2021 operating expenses were stable on the previous year at €9.7 million, and resulted primarily from the clinical development of AsiDNA and the preclinical development of OX400 compounds.

The substantial decrease in other non-recurring operating income and expenses was due to the recognition, in 2020, of the licensing agreement with Acrotech Biopharma. This agreement was treated as a divestment under IFRS, leading to the booking of the following amounts:

- a net income of €5.7 million in proceeds from the transaction;

- an expense of €2.8 million corresponding to the net book value of the R&D assets related to Beleodaq;

- an income of €7.1 million corresponding to the royalties, evaluated by management, that the Group expected to receive after the date of the signing of the agreement and through which it will repay the balance of the SWK Holdings bond loan.
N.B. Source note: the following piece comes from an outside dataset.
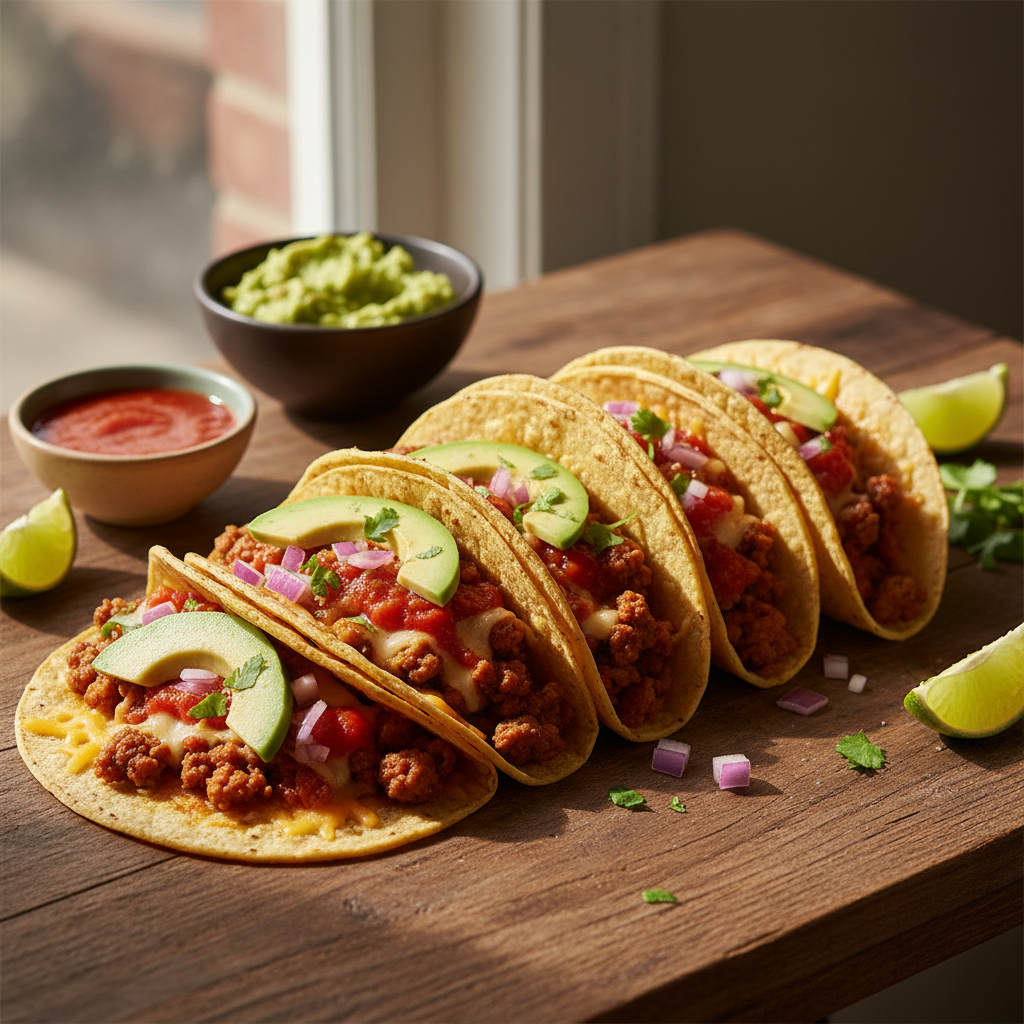 Tacos Mexicains Garnis de Légumes et Fromage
The financial result was a loss of €0.7 million in 2021, and primarily consisted of interest on the bond loan with SWK.

Once net tax income of €0.1 million is taken into account, the Group recorded a total net loss of €5.9 million in 2021 versus a net profit of €1.1 million in 2020.


At December 31, 2021, the Group had a cash position of €17.9 million, compared with €14.5 million at December 31, 2020. This increase was essentially a result of the financing obtained during the year, i.e. State-Guaranteed Loans of €5 million and a rights issue providing Onxeo with net proceeds of €9.4 million. These resources, added to the collection of license income for 1.4 million euros and the 2020 research tax credit of 1.1 million euros, made it possible to absorb operating expenses amounting to 13.5 million euros.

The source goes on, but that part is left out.